Factors of authentication are generally split into three main categories:
- Things you know: These include passwords, security questions, and PIN codes.
- Things you have: These include hardware security tokens, authenticator apps, and email and SMS one-time passcodes.
- Things you are: These include the use of behavioral and physiological biometrics, such as fingerprint or facial scans or measurements of the way that users move or type.
To learn more, see our article that takes a deeper dive into the three types of authentication and how they work.
Not all types of MFA are built equally—and the combination of factors that choose to you implement will determine how airtight your MFA system is.
For example, choosing more phishable MFA factors (such as knowledge-based factors, which are inherently easy to social engineer) will make your system more phishable.
Which MFA Factors Are Considered Phishable?
Most commonly, MFA systems are based on the use of a password plus another factor—for example, a password and a push notification. This is mainly because there are a lot of legacy systems that still rely on passwords for access and because users tend to be most familiar and comfortable with using passwords as opposed to other methods.
According to the US Government’s recent advice, OTPs and push notifications are the least secure secondary methods of authentication:
“Many approaches to multi-factor authentication will not protect against sophisticated phishing attacks. […] Users can be fooled into providing a one-time code or responding to a security prompt that grants the attacker account access.”
One-time passcodes (OTPs) are a form of authenticating where a randomly generated code is sent to the user (either via SMS, voice call, email, or within their authenticator app) which is valid for one login only (hence, the name “one-time” passcodes). Users then simply enter the code into the login site.

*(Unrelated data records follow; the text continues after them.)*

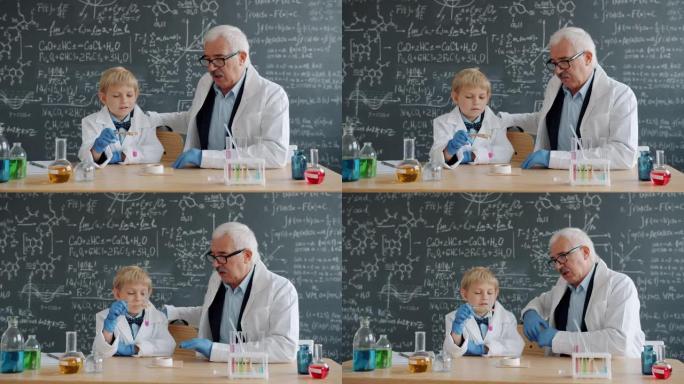 小男孩在学校进行化学测试，而老师则帮助解释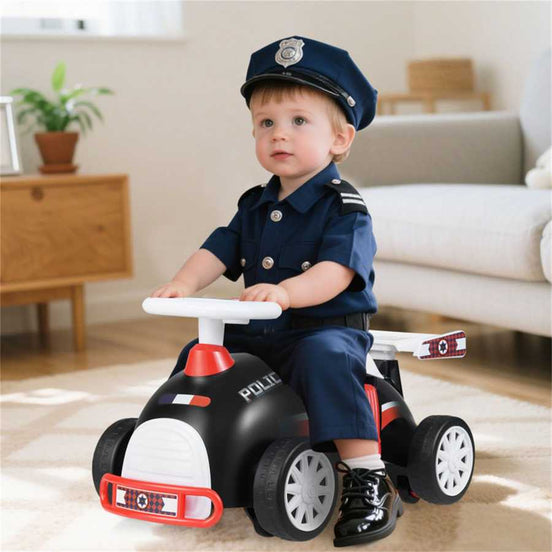 Toddler dressed as a police officer riding the Kids Ride-On Car for Toddlers, promoting imaginative play and motor skill development.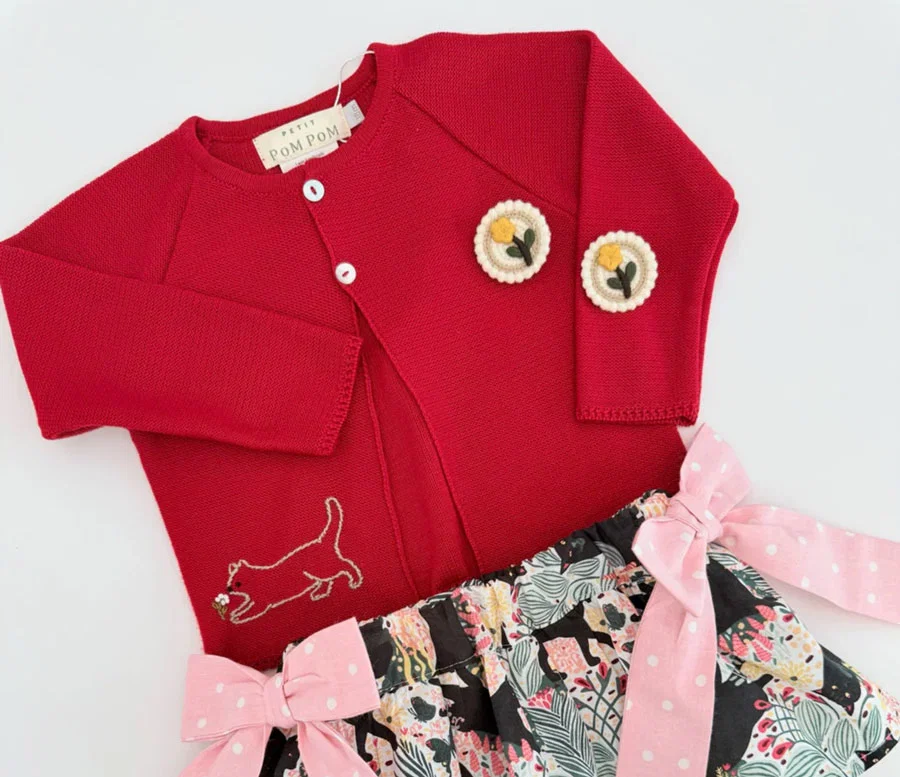 Red sweater with embellishments paired with a skirt with pink polka dot bows.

Push notifications take the form of a pop-up notification on the user’s mobile device, which notifies the user of a login request and gives them the option to approve or deny it. Approval often requires the user to authenticate their identity again in some way—such as entering a PIN code or scanning their fingerprint—but once the user approves the notification, this completes the login.
The advice to discontinue the use of one-time passcodes as secondary factors of authentication isn’t particularly shocking. The US Government has been advising against using MFA that uses SMS and voice calls since as far back as 2017, and Director of Identity Security at Microsoft Alex Weinert similarly warned against using SMS and voice MFA in a 2020 blog post. But the advice to ditch push notifications is perhaps a little more surprising.

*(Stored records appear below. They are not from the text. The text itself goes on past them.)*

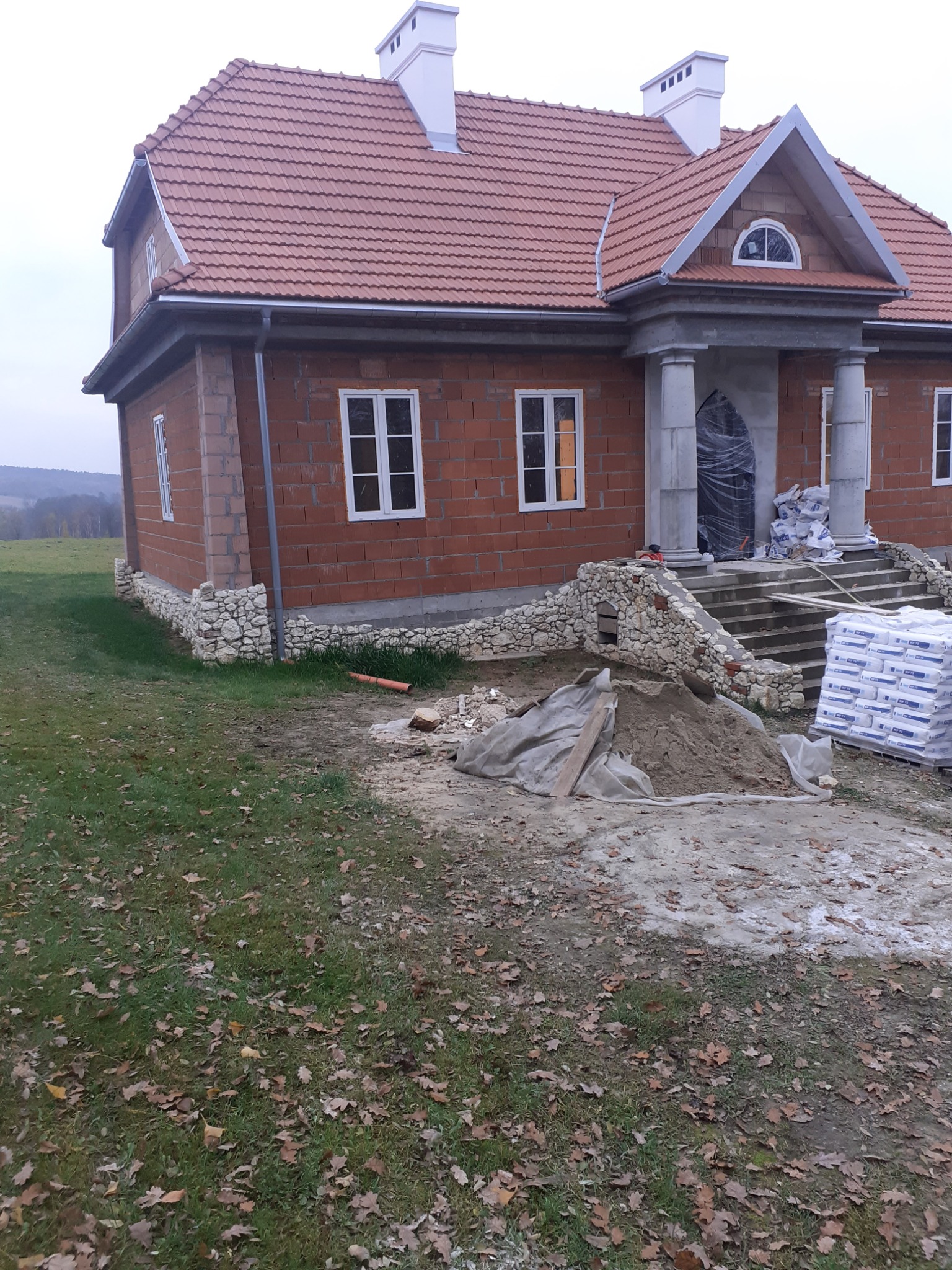 Dom w trakcie budowy z czerwonej cegły, widoczne białe okna, kolumny wejściowe, częściowo wykończona elewacja z kamienia oraz materiały budowlane na posesji.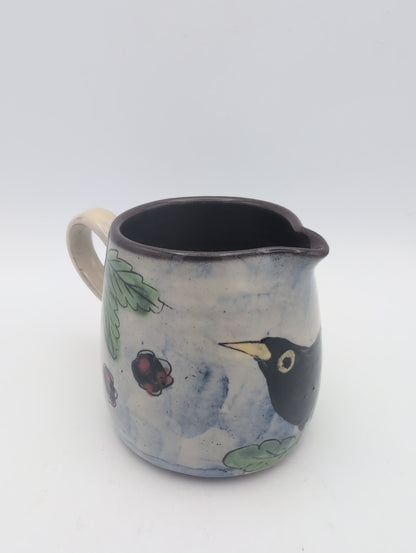 Hand thrown blackbird jug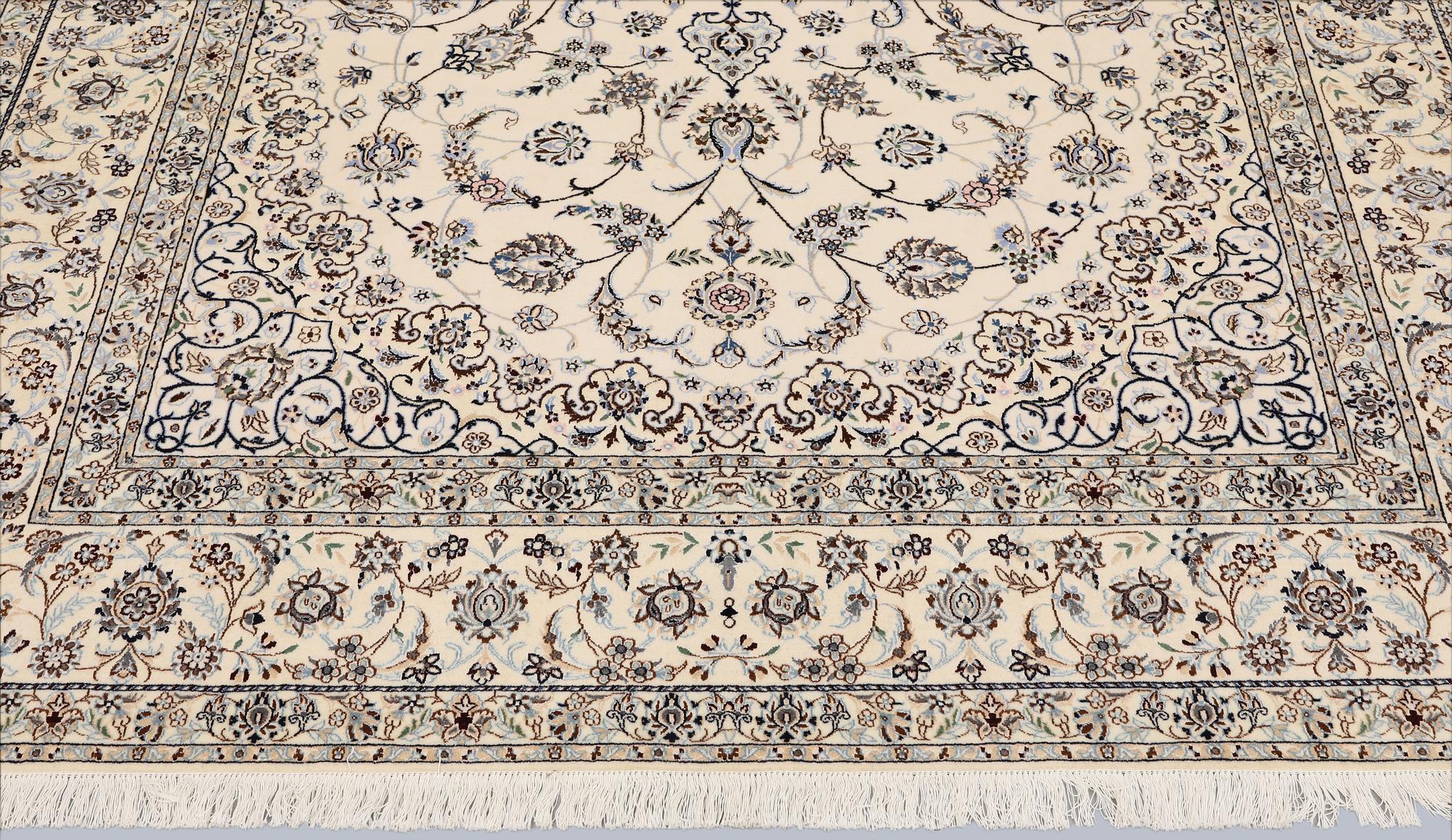 A Nain, part silk carpet, 305 x 207 cm.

So, what makes these factors phishable?
5 Ways Your MFA Can Be Phished
In this section, we’ll take a look at the five most common ways that OTPs and push notifications can be socially engineered.
1. Man-In-The-Middle Attacks
Man-in-the-middle (MitM) attacks—or “real-time phishing” attacks—can be used to bypass numerous MFA factors, including OTPs.
A MitM attack involves a bad actor quite literally sitting in the middle of a user and the service they’re attempting to access, and relaying data between the two without either knowing that they’re there. To set this up, an attacker will most likely set up a fake login page and act as a proxy to fool the user into believing they’re logging into the genuine website. Whatever action the user takes on the fake site, the attacker will take on the genuine site and relay that information back to them. Let’s take a look at an example.
An unsuspecting user—let’s call them Alice—receives an email that appears to be from Microsoft, but has actually been sent by a cybercriminal. The email says that there’s been some suspicious activity on her account and that she urgently needs to log in to stop her account from being blocked. Alice clicks on the URL in the email and is taken to what appears to be the Microsoft login page (but remember, this is our hacker’s fake website that they’ve set up to look like the Microsoft login page).
When Alice enters her details on the fake login page, the hacker captures them and enters them on the real Microsoft site. If she has one-time passcodes enabled as her second factor of authentication, the hacker will request on the genuine site that a code is sent to her email/smartphone/authenticator app. Then, when Alice enters the code on the fake website, the hacker can enter it on the real site. And they’re in.
We should also note that authenticator app OTPs are actually slightly more secure than SMS, email, or voice OTPs when it comes to MitM attacks. This is because they refresh every minute (or, sometimes less), meaning the hacker would need to work very quickly to carry out a successful attack.
Using a MitM attack, the hacker could also capture the access control session cookie when the genuine site sends back the legitimate session token. This would then enable them to access Alice’s account without needing to enter her credentials or one-time passcode. This is known as a “pass-the-cookie” attack.
2. Man-In-The-Endpoint Attacks
Man-in-the-endpoint (MitE) attacks rely on socially engineering a victim into unknowingly installing malware on their device. This malware then enables a bad actor to connect with the device via a command-and-control (C&C) server and steal login credentials, session IDs, and more—without the victim ever knowing.
Let’s take a look at another example—but let’s give Alice a break. This time, Bob is under attack.
Bob receives an email from a “colleague” that contains a seemingly safe and inconspicuous attachment. Bob clicks on the file, and it automatically downloads to his device. Since the email is from who he believes to be his trusted colleague, he thinks nothing of it, and opens the downloaded file.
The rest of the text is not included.